Nuclear waste train nears journey’s end
A shipment of radioactive waste was nearing its final destination in Germany Monday after a five-day journey from France marked by sometimes violent clashes between police and protesters.
The train carrying 11 containers of radioactive nuclear waste arrived in the northern German town of Dannenberg shortly after 0400 GMT after running the gauntlet of protesters trying to block its journey.
The authorities were unloading the waste on to trucks for its final 20-kilometre (12-mile) trip by road to a storage facility in Gorleben, a process likely to take several hours.
Campaigners said the earliest the train could continue its journey was at 3:00 pm (1400 GMT) given the time it took to load up the wagons. The train left France on Wednesday.

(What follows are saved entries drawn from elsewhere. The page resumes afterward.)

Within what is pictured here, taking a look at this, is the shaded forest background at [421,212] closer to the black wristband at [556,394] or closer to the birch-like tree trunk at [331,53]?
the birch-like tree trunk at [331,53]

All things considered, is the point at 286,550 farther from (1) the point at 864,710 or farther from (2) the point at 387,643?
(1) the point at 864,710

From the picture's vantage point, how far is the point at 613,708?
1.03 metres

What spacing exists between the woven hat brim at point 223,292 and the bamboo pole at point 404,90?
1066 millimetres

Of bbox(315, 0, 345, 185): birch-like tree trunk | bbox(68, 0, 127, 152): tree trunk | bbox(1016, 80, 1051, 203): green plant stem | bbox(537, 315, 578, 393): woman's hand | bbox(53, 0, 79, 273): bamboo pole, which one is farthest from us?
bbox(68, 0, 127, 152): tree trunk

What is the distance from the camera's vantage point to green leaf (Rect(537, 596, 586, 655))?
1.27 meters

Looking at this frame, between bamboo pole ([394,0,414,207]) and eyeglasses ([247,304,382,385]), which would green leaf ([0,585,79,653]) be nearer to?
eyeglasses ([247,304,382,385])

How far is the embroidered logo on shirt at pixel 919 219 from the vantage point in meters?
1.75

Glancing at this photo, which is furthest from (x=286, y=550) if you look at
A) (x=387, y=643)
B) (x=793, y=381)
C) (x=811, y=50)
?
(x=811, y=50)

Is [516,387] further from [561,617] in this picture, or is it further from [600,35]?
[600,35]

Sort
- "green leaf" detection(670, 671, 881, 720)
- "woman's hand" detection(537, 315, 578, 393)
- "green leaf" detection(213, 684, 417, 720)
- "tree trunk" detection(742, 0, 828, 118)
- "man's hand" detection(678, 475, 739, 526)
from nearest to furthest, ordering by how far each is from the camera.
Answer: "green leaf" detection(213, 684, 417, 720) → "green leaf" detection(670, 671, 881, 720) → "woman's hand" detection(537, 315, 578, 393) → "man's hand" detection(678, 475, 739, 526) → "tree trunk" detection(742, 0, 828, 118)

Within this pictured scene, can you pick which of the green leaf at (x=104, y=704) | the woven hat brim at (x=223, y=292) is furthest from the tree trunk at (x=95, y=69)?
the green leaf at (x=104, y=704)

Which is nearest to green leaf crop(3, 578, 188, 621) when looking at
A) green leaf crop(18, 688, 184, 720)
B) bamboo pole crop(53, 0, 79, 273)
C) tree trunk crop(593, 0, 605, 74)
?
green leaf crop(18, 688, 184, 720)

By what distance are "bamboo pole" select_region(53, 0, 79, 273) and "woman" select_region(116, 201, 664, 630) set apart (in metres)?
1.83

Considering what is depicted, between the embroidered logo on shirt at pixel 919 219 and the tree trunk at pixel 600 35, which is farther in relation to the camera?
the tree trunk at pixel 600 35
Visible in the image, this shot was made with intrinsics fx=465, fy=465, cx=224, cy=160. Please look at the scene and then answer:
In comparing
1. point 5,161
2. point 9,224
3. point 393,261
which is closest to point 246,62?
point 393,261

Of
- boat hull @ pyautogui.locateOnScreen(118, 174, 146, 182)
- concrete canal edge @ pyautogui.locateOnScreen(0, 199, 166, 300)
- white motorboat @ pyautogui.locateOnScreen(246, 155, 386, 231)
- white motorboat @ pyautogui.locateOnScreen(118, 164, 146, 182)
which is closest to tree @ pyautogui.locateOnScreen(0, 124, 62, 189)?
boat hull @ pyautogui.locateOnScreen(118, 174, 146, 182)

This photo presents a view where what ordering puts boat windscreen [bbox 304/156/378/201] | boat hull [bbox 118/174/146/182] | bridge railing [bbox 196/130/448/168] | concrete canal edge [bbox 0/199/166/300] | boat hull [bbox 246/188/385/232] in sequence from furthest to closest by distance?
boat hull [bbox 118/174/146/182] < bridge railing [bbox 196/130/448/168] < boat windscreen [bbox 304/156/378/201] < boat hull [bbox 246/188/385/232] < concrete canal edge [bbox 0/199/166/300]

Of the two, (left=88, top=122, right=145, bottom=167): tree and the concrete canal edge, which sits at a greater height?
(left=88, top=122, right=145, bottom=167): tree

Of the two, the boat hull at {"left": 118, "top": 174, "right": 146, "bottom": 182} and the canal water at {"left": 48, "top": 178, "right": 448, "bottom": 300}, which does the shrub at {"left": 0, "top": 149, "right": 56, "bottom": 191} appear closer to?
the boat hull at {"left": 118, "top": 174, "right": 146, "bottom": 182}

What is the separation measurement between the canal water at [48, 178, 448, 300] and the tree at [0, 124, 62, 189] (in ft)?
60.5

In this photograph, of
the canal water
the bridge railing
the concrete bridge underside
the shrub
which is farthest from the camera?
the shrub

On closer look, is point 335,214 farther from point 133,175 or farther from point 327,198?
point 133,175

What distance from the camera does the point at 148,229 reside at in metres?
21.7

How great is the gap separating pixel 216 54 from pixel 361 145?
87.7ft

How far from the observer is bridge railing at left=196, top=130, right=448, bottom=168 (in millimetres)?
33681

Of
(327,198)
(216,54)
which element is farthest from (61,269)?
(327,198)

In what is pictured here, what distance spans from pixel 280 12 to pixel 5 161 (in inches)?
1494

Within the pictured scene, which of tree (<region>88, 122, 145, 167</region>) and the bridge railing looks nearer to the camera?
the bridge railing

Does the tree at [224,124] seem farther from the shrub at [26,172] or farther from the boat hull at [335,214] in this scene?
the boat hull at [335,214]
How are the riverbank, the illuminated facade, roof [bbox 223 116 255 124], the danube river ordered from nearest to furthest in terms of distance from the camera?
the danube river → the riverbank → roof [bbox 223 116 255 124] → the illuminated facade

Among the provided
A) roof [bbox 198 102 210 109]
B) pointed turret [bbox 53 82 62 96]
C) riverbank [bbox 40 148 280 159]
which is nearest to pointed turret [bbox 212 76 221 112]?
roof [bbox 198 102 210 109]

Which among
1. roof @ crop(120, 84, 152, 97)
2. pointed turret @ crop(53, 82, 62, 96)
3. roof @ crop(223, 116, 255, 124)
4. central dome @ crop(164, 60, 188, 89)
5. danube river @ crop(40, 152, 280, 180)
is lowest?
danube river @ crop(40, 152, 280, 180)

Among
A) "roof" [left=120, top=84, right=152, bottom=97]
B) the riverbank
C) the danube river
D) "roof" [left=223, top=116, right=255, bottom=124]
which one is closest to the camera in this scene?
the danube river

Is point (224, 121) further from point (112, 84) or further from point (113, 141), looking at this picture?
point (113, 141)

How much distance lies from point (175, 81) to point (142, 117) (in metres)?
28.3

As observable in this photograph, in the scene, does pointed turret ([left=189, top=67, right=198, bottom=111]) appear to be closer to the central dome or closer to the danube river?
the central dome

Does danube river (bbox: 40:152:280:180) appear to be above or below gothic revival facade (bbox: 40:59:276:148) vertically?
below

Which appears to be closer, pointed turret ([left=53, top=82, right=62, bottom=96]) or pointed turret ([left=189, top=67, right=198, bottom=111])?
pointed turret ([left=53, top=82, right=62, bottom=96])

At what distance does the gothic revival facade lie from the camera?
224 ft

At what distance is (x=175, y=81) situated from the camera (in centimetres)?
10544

Thousands of activists swarmed the tracks along the route near the train’s final destination in Dannenberg and boasted that the odyssey had now topped the 92-hour record set during a shipment one year ago.

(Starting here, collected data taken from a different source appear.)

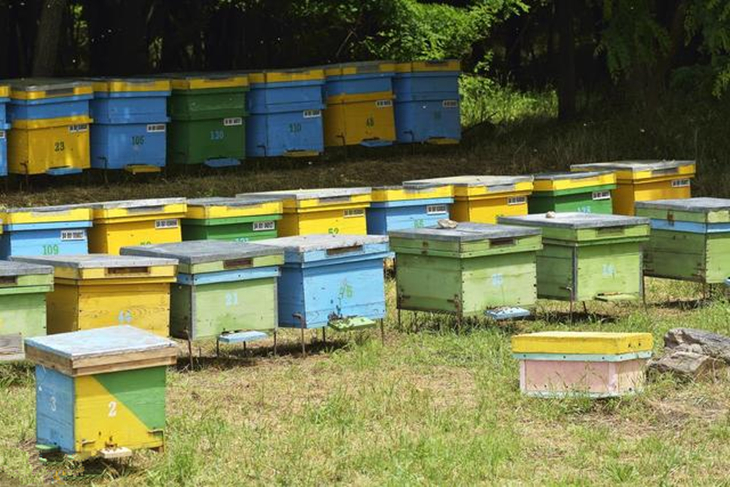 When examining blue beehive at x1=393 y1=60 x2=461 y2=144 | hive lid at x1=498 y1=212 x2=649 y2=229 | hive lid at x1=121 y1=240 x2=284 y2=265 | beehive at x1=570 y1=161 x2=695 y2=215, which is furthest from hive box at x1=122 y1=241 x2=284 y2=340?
blue beehive at x1=393 y1=60 x2=461 y2=144

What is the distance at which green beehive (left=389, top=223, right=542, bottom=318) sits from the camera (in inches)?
438

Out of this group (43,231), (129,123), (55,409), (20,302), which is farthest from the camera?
(129,123)

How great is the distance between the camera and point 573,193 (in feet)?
45.9

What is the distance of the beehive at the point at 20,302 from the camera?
382 inches

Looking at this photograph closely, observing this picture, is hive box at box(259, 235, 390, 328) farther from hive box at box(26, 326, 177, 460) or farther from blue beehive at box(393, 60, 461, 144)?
blue beehive at box(393, 60, 461, 144)

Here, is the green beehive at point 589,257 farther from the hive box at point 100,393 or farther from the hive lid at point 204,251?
the hive box at point 100,393

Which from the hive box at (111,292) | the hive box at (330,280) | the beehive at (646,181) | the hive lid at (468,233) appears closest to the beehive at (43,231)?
the hive box at (111,292)

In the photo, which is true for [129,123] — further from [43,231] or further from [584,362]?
[584,362]

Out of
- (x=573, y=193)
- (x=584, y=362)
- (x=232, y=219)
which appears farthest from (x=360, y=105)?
(x=584, y=362)

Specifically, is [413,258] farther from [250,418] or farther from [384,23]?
[384,23]

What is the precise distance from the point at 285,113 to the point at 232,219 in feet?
19.3

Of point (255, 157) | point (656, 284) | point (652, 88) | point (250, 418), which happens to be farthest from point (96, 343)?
point (652, 88)

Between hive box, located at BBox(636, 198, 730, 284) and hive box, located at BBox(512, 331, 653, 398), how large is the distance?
3.33 metres

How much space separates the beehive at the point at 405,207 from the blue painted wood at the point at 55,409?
604 cm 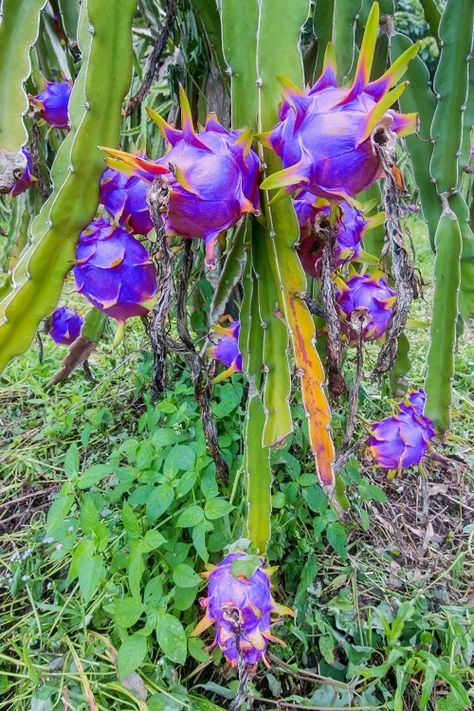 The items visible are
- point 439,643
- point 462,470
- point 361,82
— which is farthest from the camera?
point 462,470

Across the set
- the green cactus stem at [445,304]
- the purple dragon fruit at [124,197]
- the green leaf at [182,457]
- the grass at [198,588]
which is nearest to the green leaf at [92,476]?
the grass at [198,588]

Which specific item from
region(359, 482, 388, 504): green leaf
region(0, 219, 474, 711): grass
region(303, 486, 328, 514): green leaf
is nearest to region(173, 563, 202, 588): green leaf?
region(0, 219, 474, 711): grass

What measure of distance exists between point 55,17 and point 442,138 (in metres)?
0.87

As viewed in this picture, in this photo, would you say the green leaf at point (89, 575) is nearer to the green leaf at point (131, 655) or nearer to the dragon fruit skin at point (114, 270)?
the green leaf at point (131, 655)

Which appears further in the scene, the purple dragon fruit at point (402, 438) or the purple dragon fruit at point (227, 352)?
the purple dragon fruit at point (402, 438)

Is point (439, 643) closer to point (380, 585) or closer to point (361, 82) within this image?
point (380, 585)

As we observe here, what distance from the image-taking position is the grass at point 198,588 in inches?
31.9

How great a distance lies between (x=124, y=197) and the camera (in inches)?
23.5

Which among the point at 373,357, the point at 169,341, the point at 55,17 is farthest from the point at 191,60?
the point at 373,357

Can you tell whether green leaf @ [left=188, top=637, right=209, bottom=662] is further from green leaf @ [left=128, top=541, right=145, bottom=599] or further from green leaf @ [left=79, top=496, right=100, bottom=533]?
green leaf @ [left=79, top=496, right=100, bottom=533]

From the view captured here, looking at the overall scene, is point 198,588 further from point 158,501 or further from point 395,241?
point 395,241

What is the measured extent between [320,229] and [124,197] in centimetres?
22

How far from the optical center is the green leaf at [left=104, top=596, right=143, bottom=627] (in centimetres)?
76

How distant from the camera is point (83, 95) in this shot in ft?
1.94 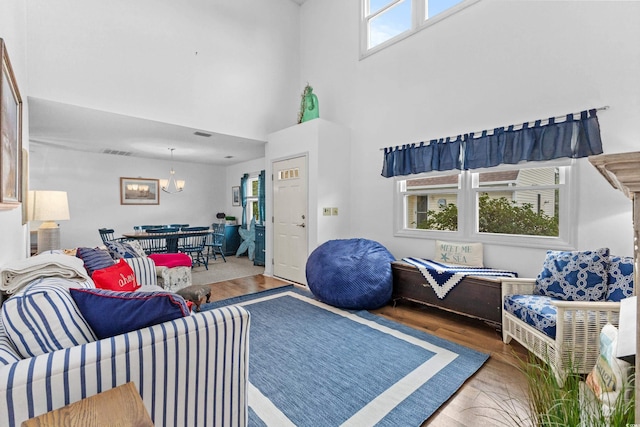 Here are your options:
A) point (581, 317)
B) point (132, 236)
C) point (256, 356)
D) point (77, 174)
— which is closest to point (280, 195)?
point (132, 236)

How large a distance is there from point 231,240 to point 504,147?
6.11 meters

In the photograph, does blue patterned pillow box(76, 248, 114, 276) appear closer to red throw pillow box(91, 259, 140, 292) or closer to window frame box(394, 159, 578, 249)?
red throw pillow box(91, 259, 140, 292)

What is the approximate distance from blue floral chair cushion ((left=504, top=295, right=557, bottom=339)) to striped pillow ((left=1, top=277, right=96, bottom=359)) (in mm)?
2666

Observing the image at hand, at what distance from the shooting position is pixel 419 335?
2.71 metres

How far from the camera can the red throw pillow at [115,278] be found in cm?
210

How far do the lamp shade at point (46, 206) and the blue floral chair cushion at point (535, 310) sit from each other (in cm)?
425

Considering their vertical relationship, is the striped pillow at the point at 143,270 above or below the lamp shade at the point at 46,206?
below

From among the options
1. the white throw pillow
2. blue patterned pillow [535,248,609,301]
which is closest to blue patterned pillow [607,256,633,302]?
blue patterned pillow [535,248,609,301]

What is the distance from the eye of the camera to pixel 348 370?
2.14 meters

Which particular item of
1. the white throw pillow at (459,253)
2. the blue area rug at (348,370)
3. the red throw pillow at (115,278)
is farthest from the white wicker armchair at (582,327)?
the red throw pillow at (115,278)

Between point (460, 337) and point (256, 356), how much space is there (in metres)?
1.83

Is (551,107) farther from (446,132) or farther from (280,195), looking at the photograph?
(280,195)

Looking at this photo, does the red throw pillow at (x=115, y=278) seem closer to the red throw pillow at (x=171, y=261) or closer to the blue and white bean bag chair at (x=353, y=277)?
the red throw pillow at (x=171, y=261)

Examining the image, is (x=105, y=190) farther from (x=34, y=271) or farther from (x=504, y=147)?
(x=504, y=147) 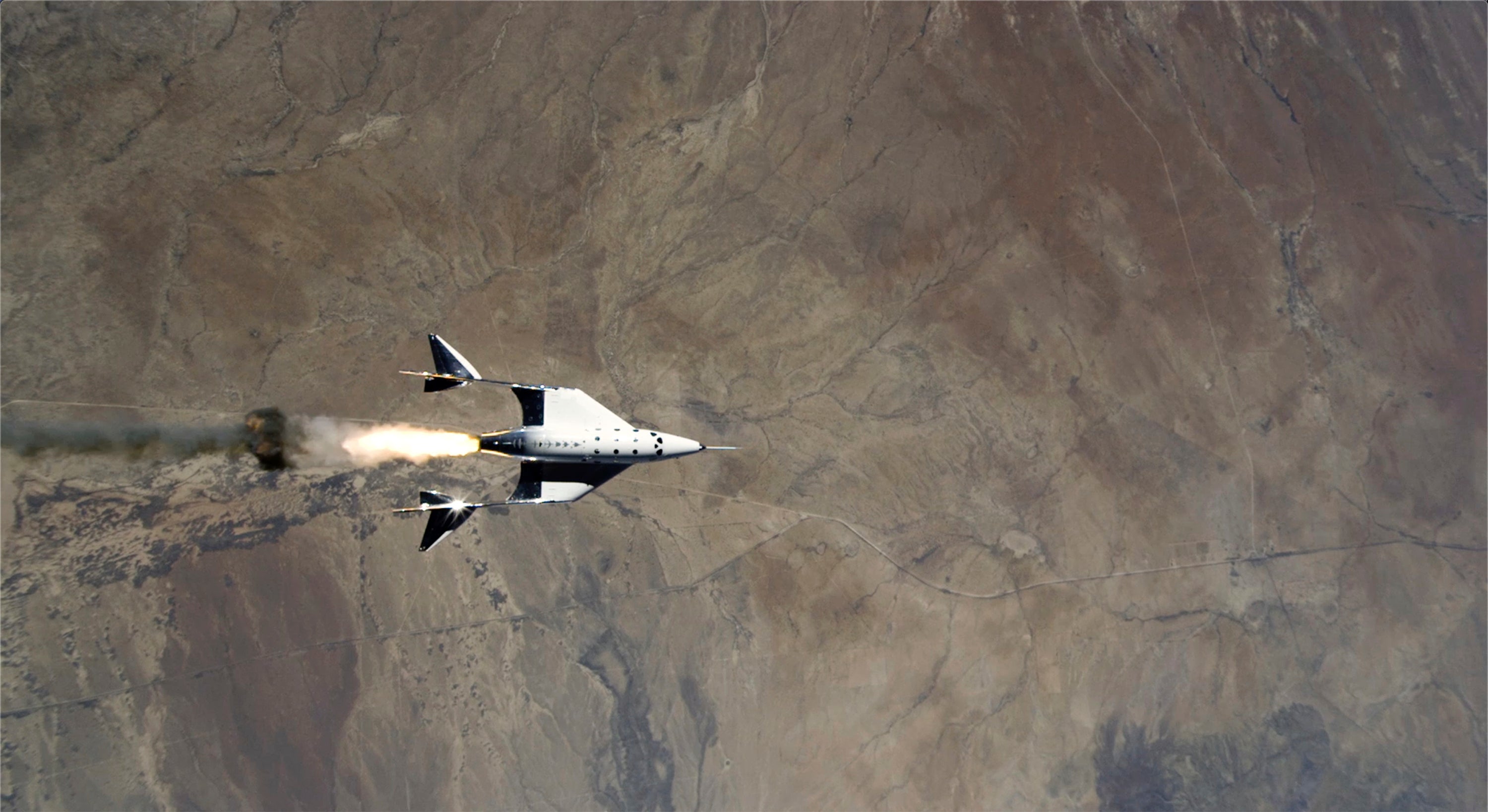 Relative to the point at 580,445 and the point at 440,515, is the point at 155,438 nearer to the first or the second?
the point at 440,515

Environmentalists argue that the shipment is highly radioactive and dangerous for those along its route.
Tobias Riedl, from environmental pressure group Greenpeace, said the levels of radioactivity were 44 times that registered after March’s nuclear disaster at Fukushima in Japan.
“Forty-four Fukushimas are rolling towards Gorleben. It’s an incalculable risk for the population,” he said.
During the journey, activists engaged in a cat-and-mouse game with police as they tried various stunts to delay the train, many chaining themselves to the tracks.
Police said they detained about 1,300 people, requiring tricky and time-consuming operations to free them before the train could slowly rumble on.
About 150 people were injured in clashes, most of them demonstrators, according to security forces quoted by German news agency DPA.
Monday’s final road stage of the journey is also likely to be delayed by protest action, with campaigners already gathered near the Gorleben site.
Organisers said Sunday about 23,000 protestors had gathered in Dannenberg, while police put the number at 8,000. About 20,000 police had been deployed along the train’s German route.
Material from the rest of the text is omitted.